The Week in Review 10/23/2023

“When things go wrong, don't go with them.” – Elvis Presley

Good Morning,

Investors were mostly sellers last week, as we dealt with surging interest rates and anxiety related to the Israel-Hamas War. Uncertainty surrounding a potential ground invasion by Israeli forces into Gaza weighed on sentiment ahead of the weekend due to the understanding that participants cannot react in real-time while the markets are closed for trading.

Treasuries remained volatile which resulted in the 10-yr note yield crossing 5.00% at its high last week for the first time since 2007. Ultimately, the 10-yr yield jumped another 29 basis points this week to 4.92%. The 2-yr note yield rose four basis points this week to 5.09%.
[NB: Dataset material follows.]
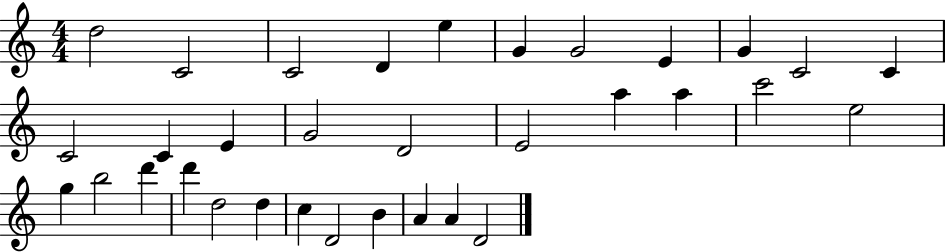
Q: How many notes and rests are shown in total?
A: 33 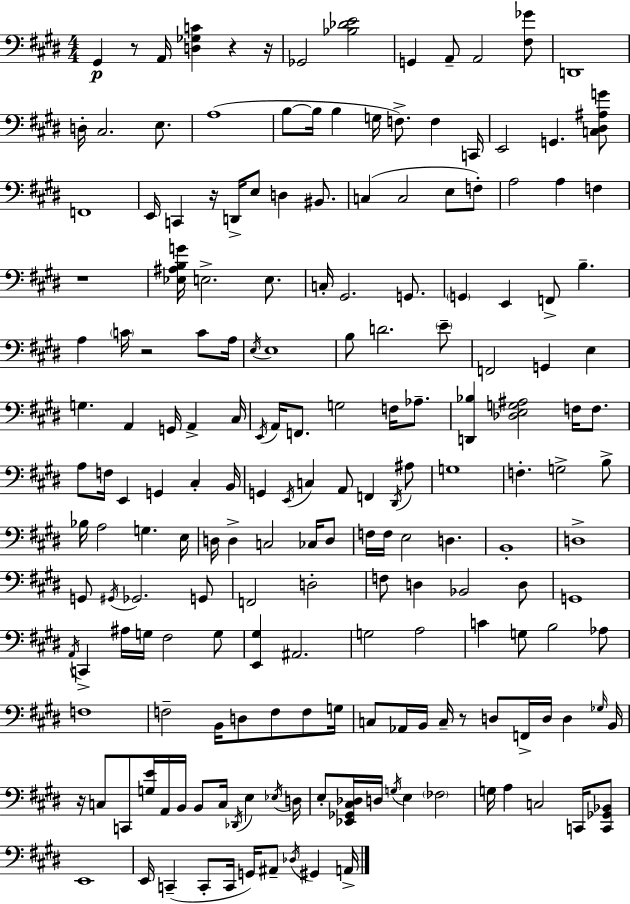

Volatility in the Treasury market was partially a reaction to Fed Chair Powell's speech at the Economic Club of New York on Thursday. His prepared remarks supported the popular view of late that the jump in long-term rates has helped to tighten financial conditions, paving the way for the Fed to proceed cautiously. In answering a question, though, Mr. Powell acknowledged that the economic evidence is not indicating that the Fed is too tight yet with its policy.

Another sticking point for the stock market was the ongoing dysfunction in the House of Representatives. Following three failed rounds of voting this week, Rep. Jim Jordan (R-OH) lost the status of Speaker of the House nominee after a GOP conference vote went against him by a "wide margin," according to Punchbowl News.

The House will now head home for the weekend without another vote, according to CNBC.

Data this week painted a mixed picture of the economy. Retail sales were stronger than expected and weekly initial jobless claims hit their lowest level since January.

Meanwhile, the existing home sales report was the weakest since October 2010 and the Leading Indicators index was negative for the 18th consecutive month.

Earnings news was also somewhat mixed. Netflix and Tesla were among the standouts, along with Dow components Travelers, Procter & Gamble, and American Express.

The S&P 500 closed below its 200-day moving average on Friday, adding to investor’s anxiety.

Only two of the S&P 500 sectors that logged a gain this week -- consumer staples (+0.7%) and energy (+0.7%) -- while the real estate (-4.6%) and consumer discretionary (-4.4%) sectors saw the biggest declines.

Market Snapshot…

  • Oil Prices - Oil prices settled lower last Friday. West Texas Intermediate crude futures (WTI) fell 62 cents, or 0.7% to close at $88.08 a barrel. Brent crude fell 22 cents, or 0.2% to close at $92.16 a barrel.
  • Gold - Gold prices extended gains on fears of a further escalation in the Middle East conflict. Spot Gold was up nearly 0.4% at $1,980.79 per ounce, while U.S. gold futures added 0.6% to $1,992.60. Silver closed at $23.504.
  • U.S. Dollar - The dollar index ticked up 0.03% to 106.22 after the 10-year Treasury yield briefly hit 5% late on Thursday. Euro/US$ exchange rate is now 1.062.
  • U.S. Treasury Rates - Treasury yields dipped lower Friday after rising to multiyear highs a day earlier. The yield on the 10-year Treasury note fell to 4.907%, down around 8 basis points.
  • Asian shares were down in overnight trading
  • European markets are trading lower.
  • Domestic markets are indicated to open in the red this morning.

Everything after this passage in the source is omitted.